ZESS Lecture Series: Talks in Visual Computing
In the coming weeks, the ZESS Lecture Series will host three
guest talks from the domain of Visual Computing by researchers
from MPI Saarbrücken, TU Darmstadt and ETH Zurich.
Anna Kukleva (MPI Saarbrücken): Advancing Image and Video Recognition with Less Supervision
14 March 202, 14-15 h in H-C 7327
Deep learning has become an essential component of modern life, transforming various tasks across multiple domains such as entertainment, education, and autonomous driving. However, the increasing demand for data to train models for emerging tasks poses significant challenges. Deep learning models heavily rely on high-quality labeled datasets, yet obtaining comprehensive supervision is resource-intensive and can introduce biases. Therefore, this talk explores strategies to mitigate the need for full supervision and reduce data acquisition costs. The first part of the discussion focuses on self-supervised and unsupervised learning methods, which enable learning without explicit labels by leveraging inherent data structures and injecting prior knowledge for robust data representations. The second part of the presentation discusses strategies such as minimizing precise annotations in multimodal learning, allowing for effective utilization of correlated information across different modalities. Moreover, we discuss open-world scenarios, proposing novel setup and method to adapt vision-language models to the new domains. Overall, this research contributes to understanding learning dynamics and biases present in data, advancing training methods that require less supervision.

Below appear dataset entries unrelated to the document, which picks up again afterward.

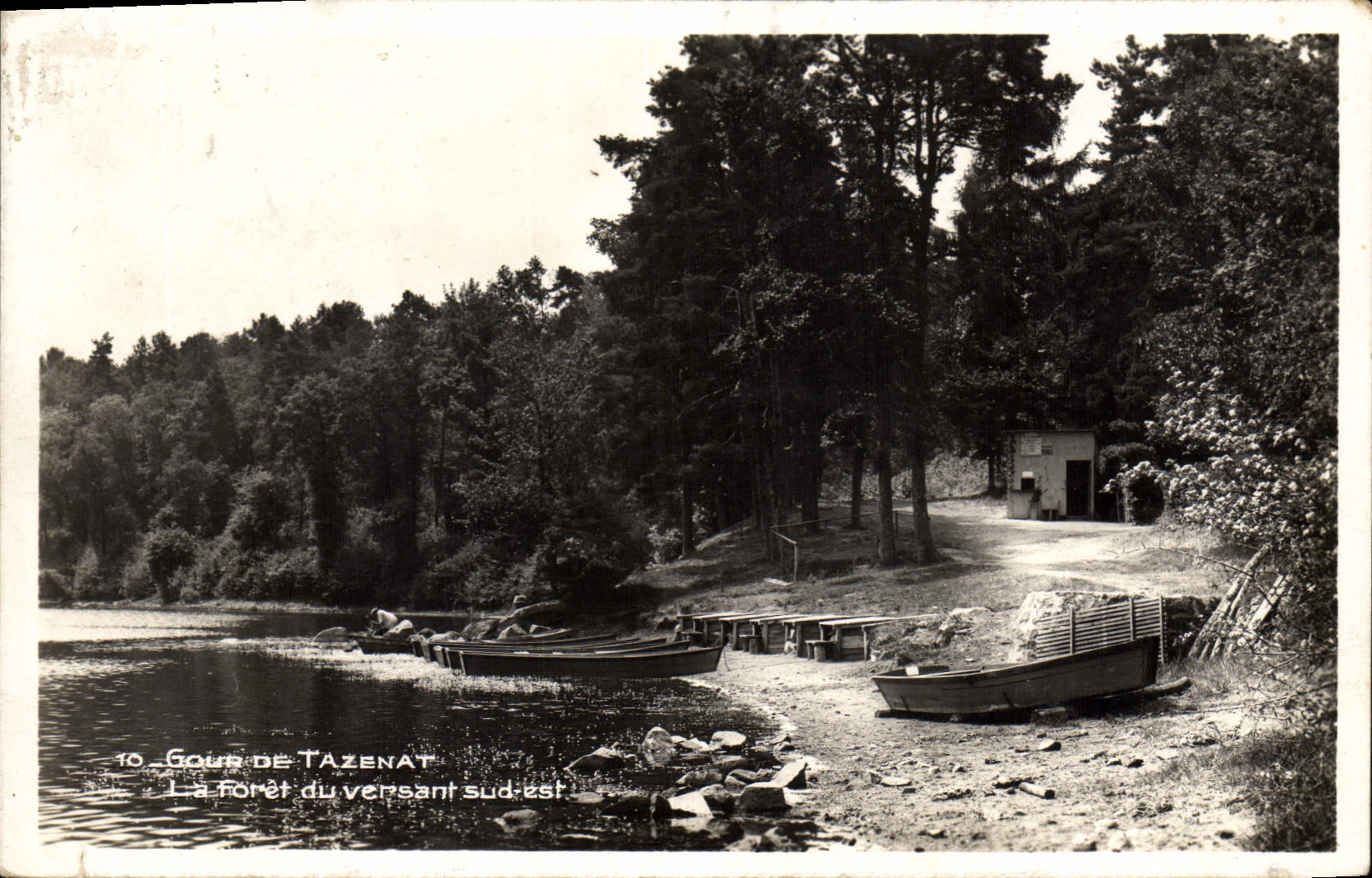 CPA Gour de Tazenat La foret du versant sud est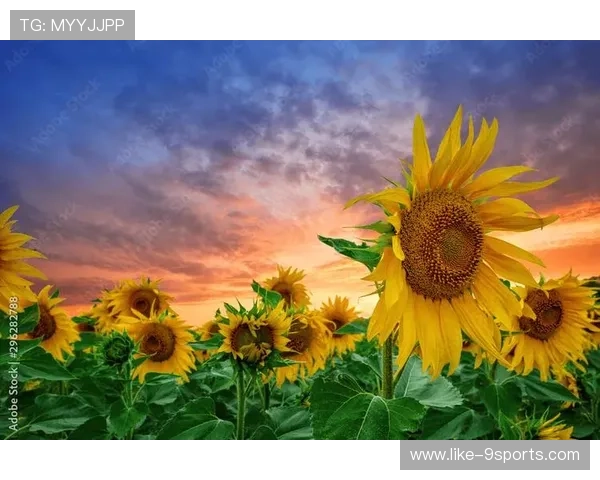 太阳多点开花——点亮生活的无限可能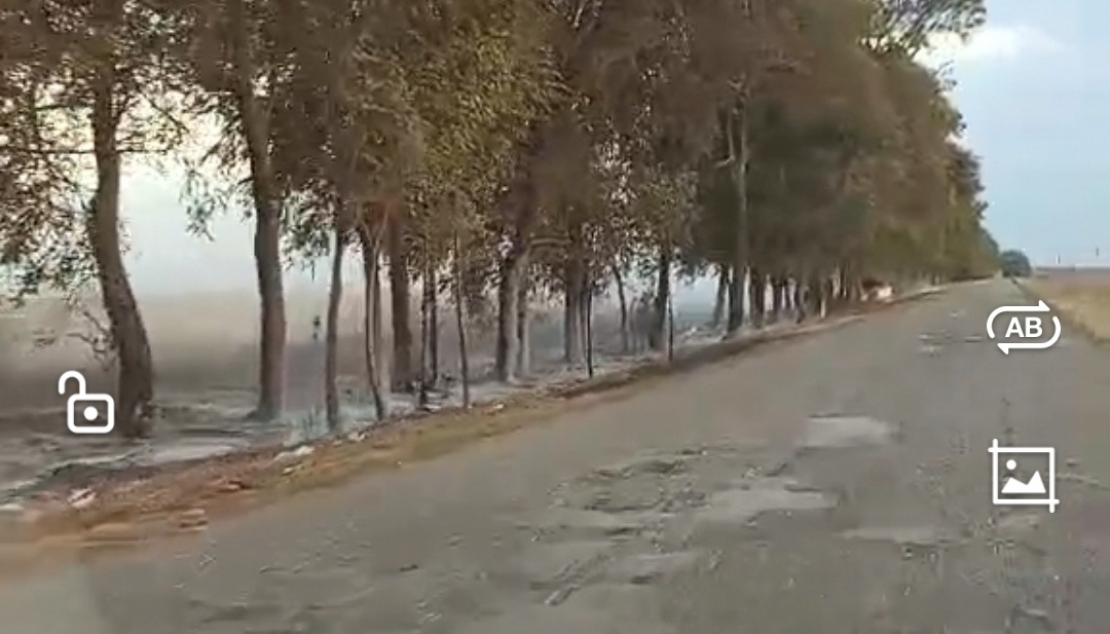 СПАЛИТИ ДРВОРЕД, ПА ЗАОРАТИ ДО ДРУМА!?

Dr Simone Schaub-Meyer (TU Darmstadt): Efficient and Understandable Neural Networks for Image and Video Analysis
21 March 2024, 14-15 h in H-C 7327
Recent developments in deep learning have led to significant advances in many areas of computer vision. However, the success of these methods often depends on having a well-defined task corresponding training data, and measuring success by improved task specific accuracy. However, in order to apply new methods in the real world, other aspects become relevant as well, such as required labelled data, computational requirements, as well as, especially in safety critical scenarios, how trust worthy a model is.
In my talk, I will first discuss how motion in videos can be used to learn representations in an unsupervised way as well as methods to efficiently handle higher resolution data. In the second part, I will show how attribution maps, which help to gain a better understanding of the predictions, can be obtained efficiently, as well as how we can evaluate them.
Dr Alexandra Diehl (ETH Zurich): Visualization Research for
Characterization of High Impact Weather Events (HIWE)
25 March 2024, 14-15 h in
H-C 7327
The talk will be held at a later date.
The efficient analysis, decision making, and communication of high-impact weather events (HIWE) and their associated risks is a challenging and ongoing research topic for meteorologists and computer scientists. The challenge is due, in part, to the inherent unpredictability of weather and the difficulty of quantifying its risk and communicating its uncertainties.
In this talk, I will summarize my recent contributions to the research on efficient visualization tools for the analysis and communication of weather forecasts and the characterization of HIWEs. I will also present my current efforts in citizen data analysis and discuss the open challenges for efficient communication of severe weather events through citizen participatory science.
Dr Jing Ren (ETH Zurich): Shape matching and map space exploration via functional maps
26 March 2024, 13-14 h in H-C 7327
Computing semantically meaningful correspondences between shapes is an important yet challenging task in computer graphics and geometry processing, with a wide range of applications including deformation, motion, and texture transfer , as well as 3D shape retrieval, shape analysis and exploration, among others. The functional map framework emerges as a powerful solution to this shape matching problem. Rather than directly attempting to establish point-wise correspondences, it operates by matching functions defined on shapes.
This presentation delves into techniques build upon functional map framework. Specifically, we will explore (1) how to design various regularizers to resolve orientation ambiguity or promote matching accuracy; (2) how to refine a given point-wise map effectively and efficiently; (3) and how to formulate and structure the map space to explore all possible high-quality maps between a shape pair.